Las chicas de su tiempo, que es el mío, empezaban a trabajar a los diez años; apenas aprendían a leer, iban a las escuelas de vez en cuando, y empaquetaban tomates o plátanos cuando no eran ni adolescentes. Era por el año 58 y el Puerto de la Cruz, nuestro pueblo, se dividía en dos, el pueblo de antes de la guerra y de las guerras, cuando a él venían Agatha Christie y Bertrand Russell y Alexander Humboldt, y el pueblo que vino luego, con el turismo. Entonces, antes de los 60, venía un turismo digamos literario. Artistas bohemios, escritores, gente que había escuchado, quizá por aquellos que vinieron antes, hablar del clima y del casino del Hotel Taoro. Algunos de esos turistas cayeron junto a nuestra casa, en lo que se llamaba Camino Cordobés (y se llama aún así) pero que el ayuntamiento o mi padre rebautizaron, en el tramo que nos corresponde, como calle Nueva.

Entre aquellos extranjeros que vinieron entonces estaba un sueco excéntrico y su familia creciente. Su mujer era escritora, una mujer suave que escribía cuentos para niños. Y estaba su hija Tamara, que luego sería también pintora. El pintor era un hombre grande que había traído, para transportar a su familia, una ambulancia de las que se usaron en la primera guerra mundial. Un día nos retrató a todos, en una foto memorable en casa pues allí estamos los chicos del barrio y nuestra familia.
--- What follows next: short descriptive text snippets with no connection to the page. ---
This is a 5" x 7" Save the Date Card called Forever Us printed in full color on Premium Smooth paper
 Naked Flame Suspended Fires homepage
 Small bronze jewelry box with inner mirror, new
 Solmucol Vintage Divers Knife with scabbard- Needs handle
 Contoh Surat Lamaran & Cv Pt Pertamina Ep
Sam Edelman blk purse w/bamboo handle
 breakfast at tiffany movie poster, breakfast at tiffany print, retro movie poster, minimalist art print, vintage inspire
El propio fotógrafo hizo copias de la foto, e incluso pintó a nuestra madre en un cuadro que reactualizó muchos años después y me entregó una de las veces que estuve en Estocolmo.

Hay otra fotografía que hizo el vecino sueco, al que llamábamos Oso. En esta otra fotografía, que sirvió de portada de un libro, está solo nuestra familia. Mi madre sostiene a los suecos (Tamara sobre un brazo, Gofio, que nació aquí, en el otro), y con mi padre y conmigo están mis hermanos Paco y Carmela. No estamos todos: falta Pulsera. Pulsera era Candelaria, a la que Tamara llamaba así porque en su infancia y en su adolescencia siempre usaba pulseras. Se quitó las pulseras, se fue Tamara y ya Candelaria volvió a llamarse Candelaria para todos? excepto para Tamara, que así la sigue llamando desde Malmoe, Suecia, donde vive como pintora. Estos días pasados me acordé mucho de ese nombre y de Tamara. Hablé mucho con Candelaria de esa época, cuando los dos éramos niños y se producían, al otro lado del barranco, donde vivían nuestros abuelos, todo tipo de acontecimientos que quizá nosotros mismos nos inventábamos. Como en los cuentos y en las novelas de Julio Cortázar, en los barrios pasa eso, que hay dos zonas, una es la que conocemos, porque la tenemos cerca, y la otra está llena de misterios. Es el otro lado, del que también escribía Borges. Lo desconocido, lo que nos llama la atención.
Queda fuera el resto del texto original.